Rumrat said:I have conceded that Some of my dates were questionable as I have not viewed the piece I wrote since it went to the museum.
I do not think he was an RSM at Omdurman I recall he was a lower life at that time. His promotion to SM or RSM may have been when he was shipped away from his Regiment when he married. He definitely was a depot RSM that much has been determined by the reg.
He was discharged from the Dorset reg when he finally left service, and had served in/attached too, two other regiments.
I well remember he never talked of his exploits very often, as he was a man of few words.
I have a pic of him in Red tunic, its one of those coloured after took Victorian efforts and it was my discovery of this that prompted him to tell me he had fought in Sudan in Red. He actually did join in 1887 as when he joined the Navy he was 14 but lied.
I did not know him well and only met him for a short period in 1956 when I was 6. He died two weeks after my dad brought me with him to England in 1961, we came as he was dying, for dad to see him one last time.
He viewed the Martini Henry as the "Modern" rifle it being introduced into the British army the year after he was born.
Whilst they were part one firearms he kept one secreted in his house and it came into my dads possession after grandad died.
I have a "As New 1876 pat Bayonet that he left dad and now I own it, and it was this that got me into collecting military weapons.

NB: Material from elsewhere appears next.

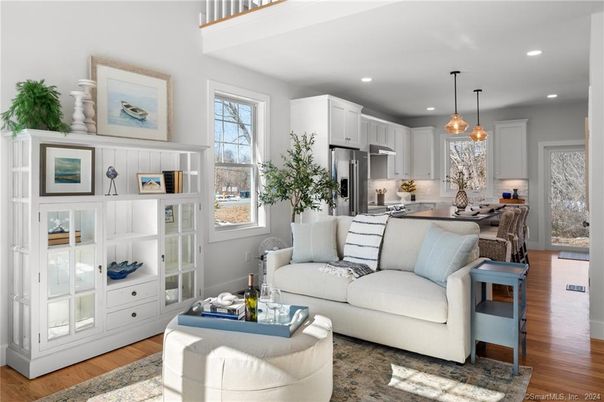 Dining room, Interior, Kitchen, Living room, Pendant Lights, Recessed Lighting, Stainless Steel Appliances, Wood Texture Flooring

I took and passed a degree in political History whilst in the Andrew, and have never used it since. 8O :roll:
Pretty good life then. He was probably having more fun than my great grandad, who spent the same period down a coal mine - literally after he was killed down one in 1880 aged 36 - he was identified by his boots after his body had lain under a tarp at the pit head for 4 days.... That's why I get interested in peoples' stories - there's always something there worth looking at.